Yered, who until recently served as the spokesman for far-right coalition lawmaker Limor Son Har-Melech, was released to house arrest several days after the incident after a court found police did not have enough evidence to keep him in custody.
The Honenu legal aid group, which is representing Yered, said such administrative orders are a “scandal” and called out the state’s so-called “belligerent and frenzied” acts.
“We will continue to stand by the right of Elisha Yered and everyone who experiences these persecutions, and exhaust all legal procedures available to us in order to bring this simple and clear justice to light,” the group said.
Son Har-Melech said in a statement that the military order was an example of “persecution” against settlers and was an attempt by the IDF to cover up its failures against terrorism.
“I call on coalition members and particularly Defense Minister [Yoav] Gallant to act immediately to cancel the administrative order,” she added.
In a similar statement, Ben Shachar, a yeshiva teacher at the illegal West Bank outpost of Homesh said the military was trying to “defeat, through an unprecedented dictatorship, the protest we are leading against a failing security system.”
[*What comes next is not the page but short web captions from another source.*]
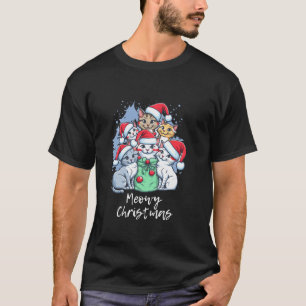 Camiseta Gato Meowy Navidades Familia Coincidiendo Con Gato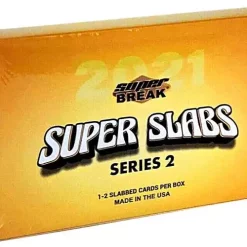 Best reviews of ✨ Super Break 2021 Super Slabs Series 2 Trading Card RETAIL Box [1-2 Slabbed Cards Per Box] 💯
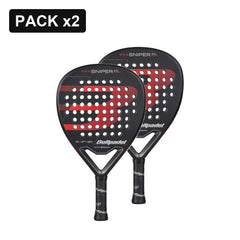 Pack 2x Pala Bullpadel Sniper 2.0 Power Negro 2026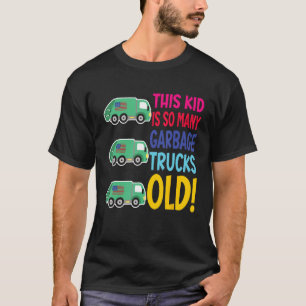 Camiseta Camiones basura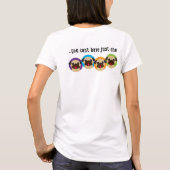 T-shirt Les carlins Sont Comme Des Puces De Pomme De Terre (Dos)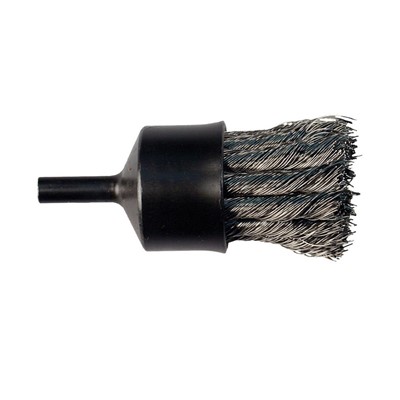 1" KNOT WIRE END BRUSH .014 SS WIRE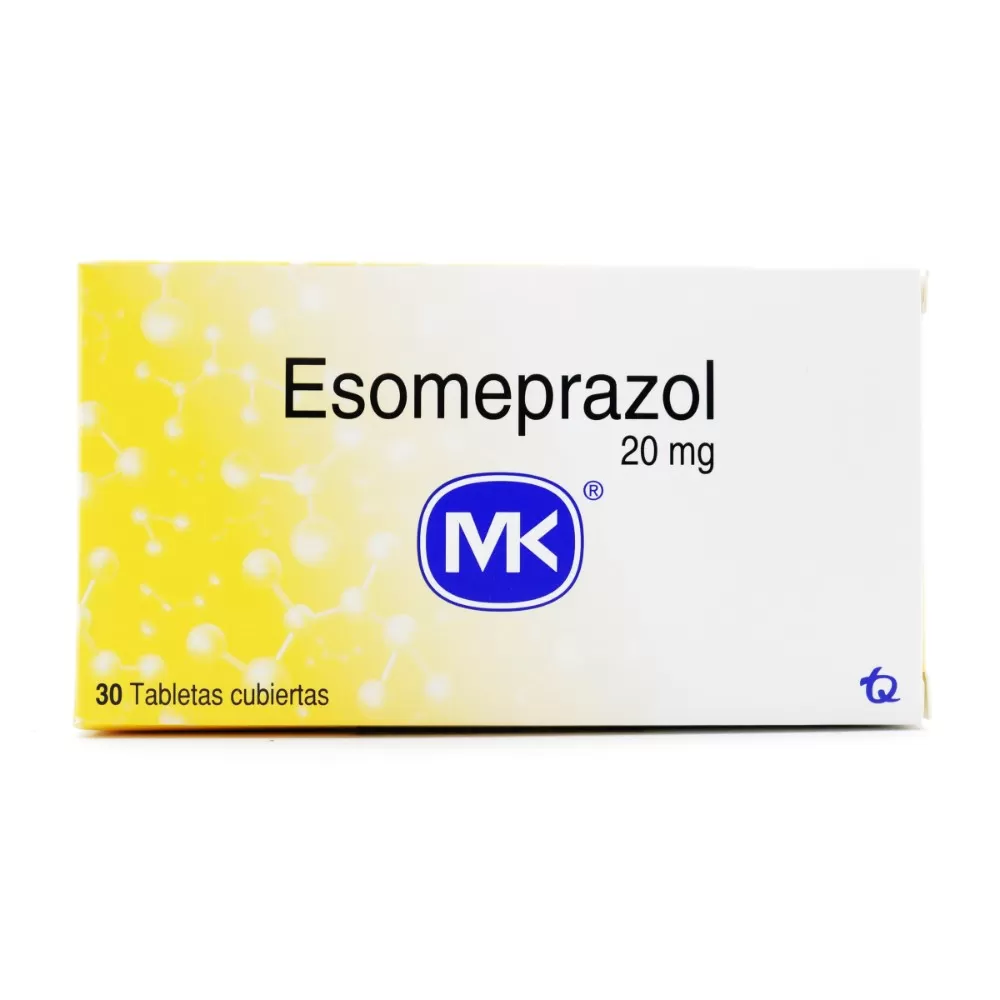 100024287.jpg ESOMEPRAZOL 20 MG 30 TBS MK - Imagen 1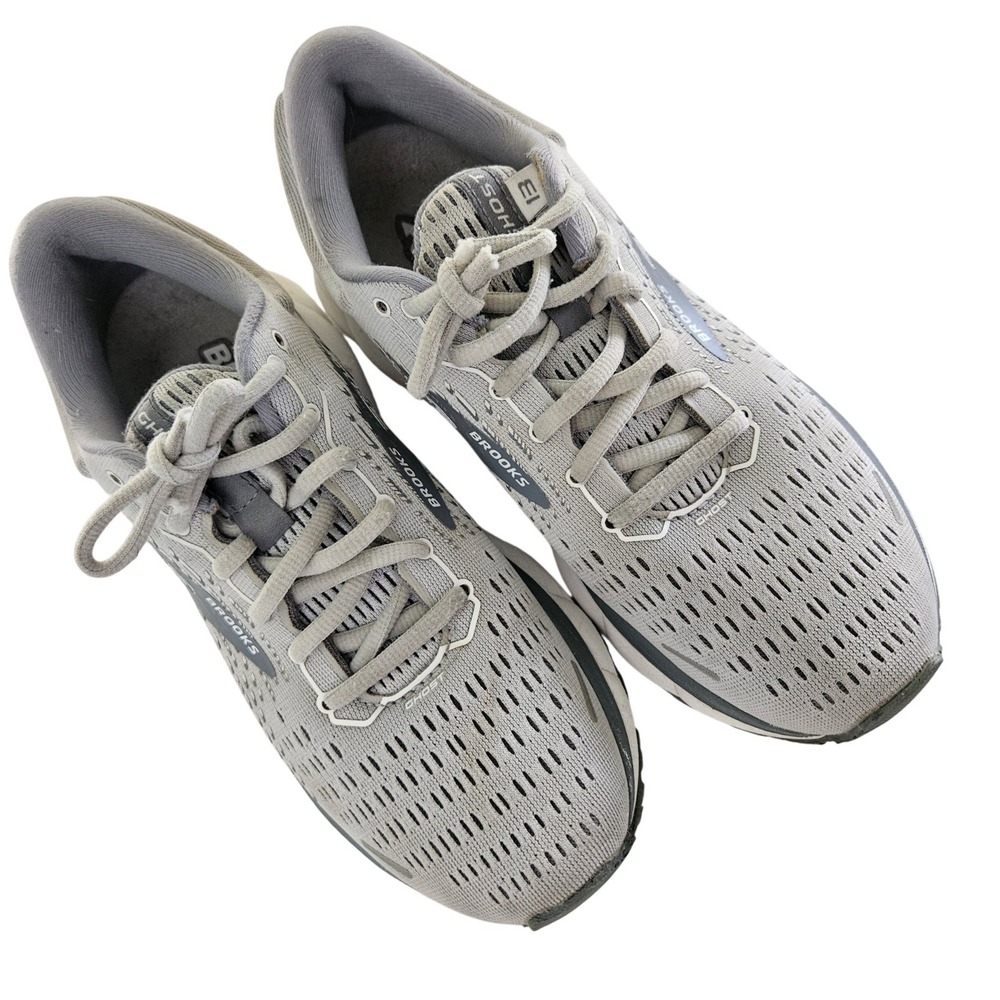 Brooks Ghost 13 Running Shoes Women 7.5 Grey White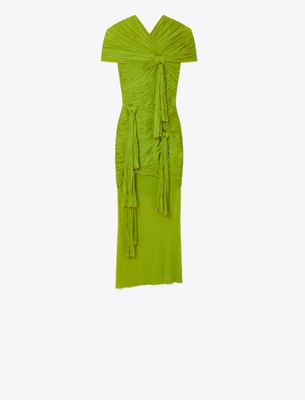  Knotted Viscose Dress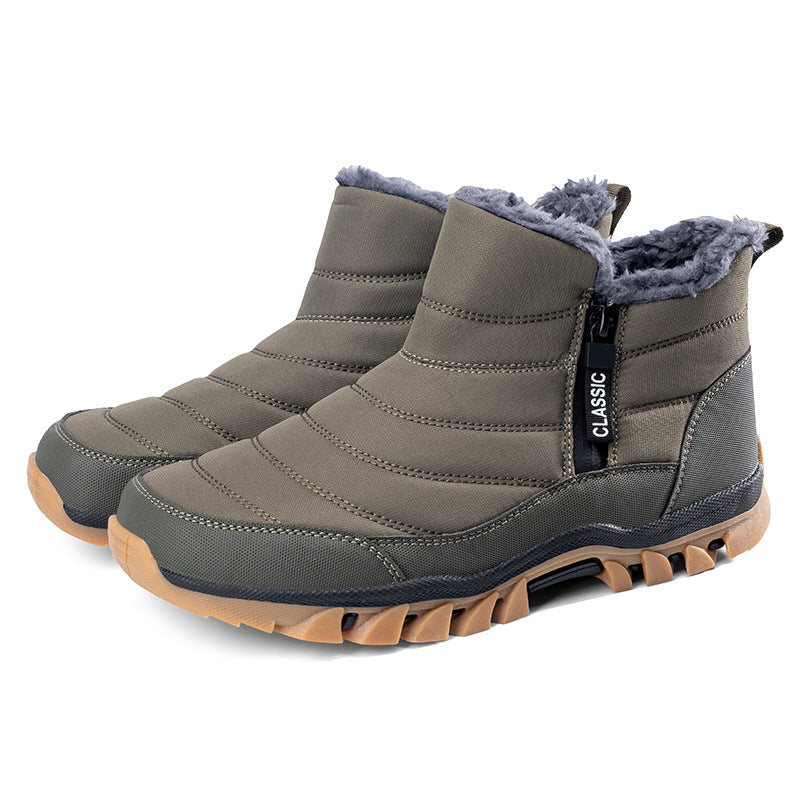 Zapatos de senderismo antideslizantes con material que retiene el calor en invierno y primavera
“This was a clear attempt at silencing that resembles the conduct of a dark regime. This is a legitimate and broad protest of normal residents who, in general, go out to shout in the street about lives that have been lost,” he said, claiming Fox was trying to cover up his failures fighting terror by silencing those who criticize him.
After being informed he would receive the order earlier this month, Yered condemned it as part of a “campaign of revenge.”
“The vindictiveness of the Jewish Department of the Shin Bet and the IDF head of the Central Command, following the collapse of the case they invented and inflated, breaks new records,” Yered claimed.
“After being severely criticized in all the courts, which ruled that there was no truth in the accusations against me, the Central Command and the Shin Bet decided to start a campaign of revenge,” he said.
Yered vowed the “draconian decree” would not deter him from being active in settlements or the media.
“The more you try to break us and fight us with more predatory means, the more we will continue our activities, and no order or harassment of one kind or another will break us,” he warned.
The case has garnered international media attention, partially due to the fact that Yered is a former spokesman for Son Har-Melech.
Indore is believed to be the person who shot Matan dead. Yered is suspected of involvement in the shooting and obstructing the investigation into the incident by taking the pistol that was used home with him.
Indore was seriously injured in the incident, allegedly from a rock thrown by a Palestinian that hit his face, and spent some of his time in custody in a hospital before being transferred to a Prison Service medical facility.
During remand hearings, police representatives rejected Indore’s self-defense claim, saying the Burqa incident “did not start with the wounding of Indore and the killing of the Palestinian. It started a few hours before and ended after.”
Police claim that when the altercation between Palestinians and settlers first began, the latter did not immediately alert security forces but rather called for more settlers to come as backup. It was apparently only after the shooting that settlers notified the regional security headquarters.
Though police no longer suspect a racial motive for Indore’s actions, they do still suspect him of killing Matan with intent or indifference, participating in a riot, conspiracy to commit a crime, and obstruction of justice.